It's Sunday and I go back to work tomorrow. I had a pretty relaxing, productive and fun vacation. My goals while off work were:
1. Get the ball rolling on finding a new job
2. Make a poster for a festival a friend of mine is organizing
3. Make a 1 minute movie for a film festival I entered
4. Relax
5. Hang out with friends visiting from Australia
To a certain extent, I managed to do all of the above.
Normally, a whole week off to have fun would have been the best way to take advantage and try to meet more new people, be it online or at a party or social gathering, etc. However, since I've been hanging out with Rock Chick, I've decided to stop browsing sites. I'm really confused if it's the smart thing to do but I was talking to Ira last night and he summed it up for me. He asked me: "are you not pursuing other people at the moment because you want to see what happens with Rock Chick and it makes you uncomfortable starting new things while trying to get to know her better?"
The answer is yes.
I spent 2 nights this week with her. Thursday night we were supposed to get together but she forgot she already made plans to watch a movie with a friend. However, she still wanted to see me so she came over and we ate a quick dinner that my roommate had made (she offered us leftover pizza she cooked) and then I walked her all the way to the movie theatre on the other end of town. it was about a 45 minute walk and the weather was absolutely beautiful.

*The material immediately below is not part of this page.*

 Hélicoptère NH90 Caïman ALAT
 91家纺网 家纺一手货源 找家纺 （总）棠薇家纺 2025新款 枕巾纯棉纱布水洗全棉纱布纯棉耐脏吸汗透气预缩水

Friday night I had invited her to an interesting party I found out about (a 90's video dance party) but she already had plans with someone else (a female friend), so I went solo. It was an awesome party and filled with hot girls. I'm not sure what I would have done had the opportunity arose, but I was flirting with a few of them, having fun, you know.

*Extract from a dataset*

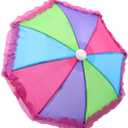 5 x UV Protection Phone Umbrella for Sun,Universal Adjustable Piggy Suction Cup Phone Stand Umbrella,Sun Shade (Colorful-Random Color)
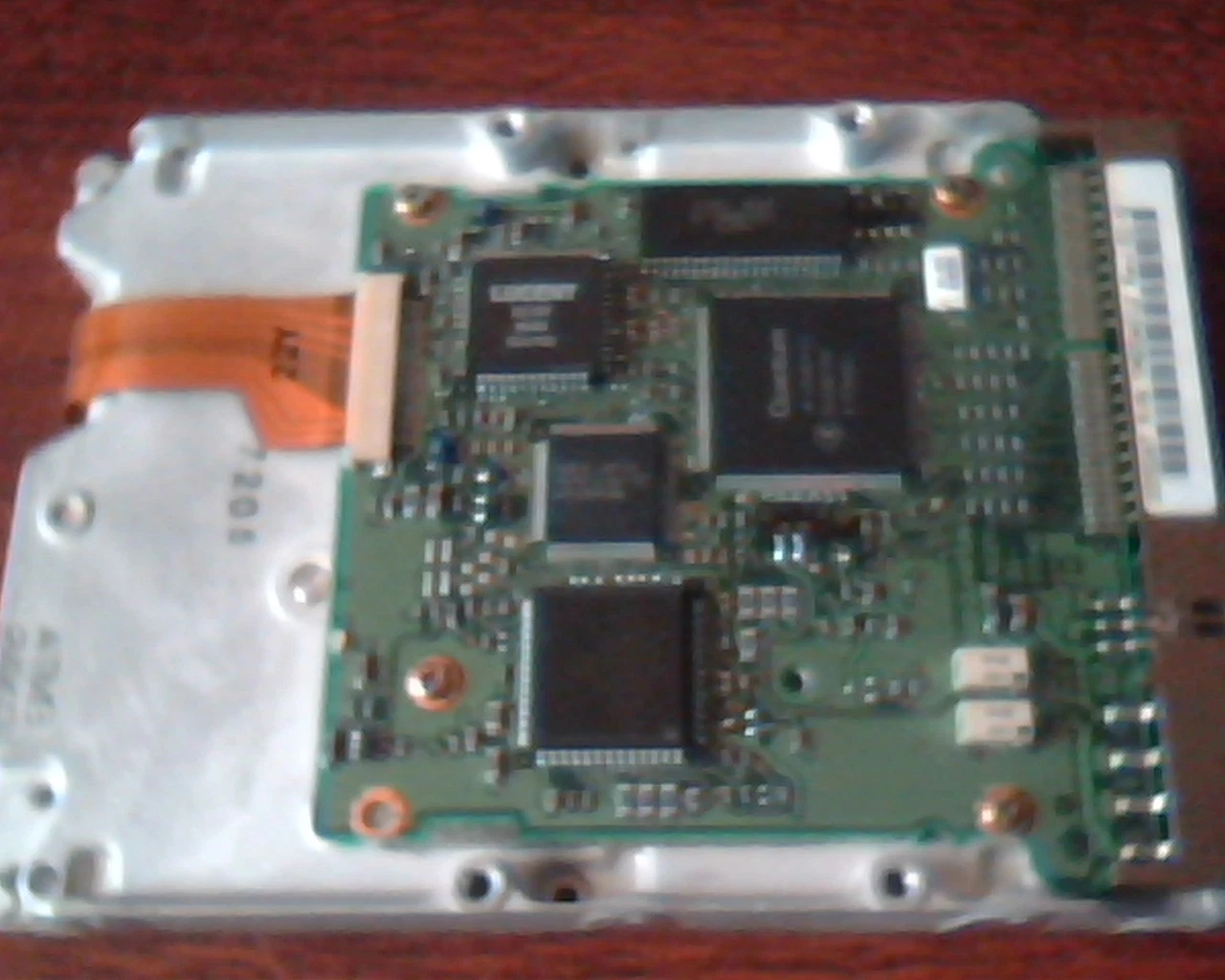Hard Drive Disk IDE Quantum Fireball TM TM25A101 01-A A6B20 2550AT TM25A012 01-D - image 5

Last night I called her up again to see if she's like to get together since really we hadn't done much. Friday she was busy and Thursday all I did was walk her to her other plans. So I called her and she said she wanted to get out of her place. I suggested we walk down to the Old Docks. it's pretty much a wharf near water that is nice to walk around at night.

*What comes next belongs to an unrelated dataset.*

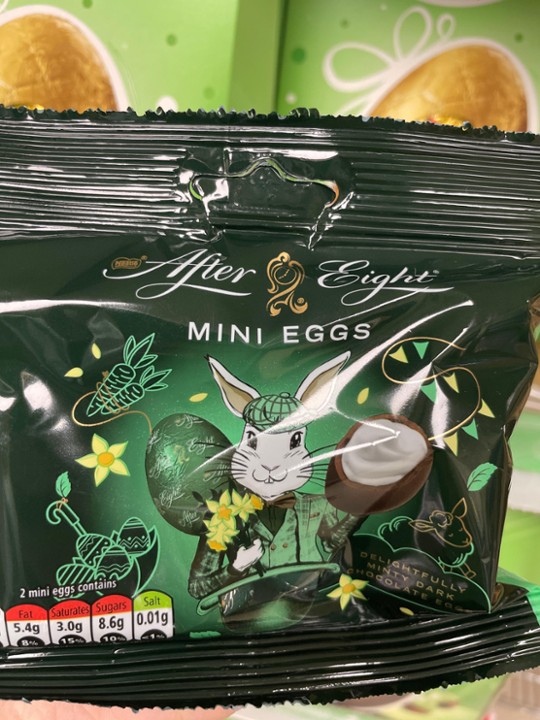 Nestle After Eight Mini Eggs Bag 81g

We arrived there just in time to catch the end of some fireworks. We walked along the docks and then headed to a fancy coffee shop I know of that has an amazing outside garden area to eat dessert, drink coffee and listen to live jazz. After dessert we caught a busker doing a show that lasted about 30 minutes and then we headed to the subway to call it a night.
I had fun with her and I find our conversations are pretty engaging. We have a few inside jokes now and she'll joke around with me and stuff which is great, but I still can't get this feeling that something is missing.
The only reason why I haven't moved on yet is I can't tell if this "feeling of something missing" is justified or not because I also feel I may be expecting too much too fast. The only other person I dated multiple times like this was Wendy and with her by the 3rd date we made out. With Rock Chick, it's now become a habit that we have a quick kiss at the end of our dates. I know that it doesn't have to be a scheduled thing like that, and if the mood is right, we can kiss or do other things during the actual date, not just wait until the end, but I haven't yet felt that that opportunity has arrived. I will touch her arm a bit or put my arm around her briefly while walking but it doesn't lead anywhere. On Thursday I tried holding her hand (after having reason to touch her had, we were joking around and I thought it would be a nice way to lead into hand holding) and she jokingly threw my hand away.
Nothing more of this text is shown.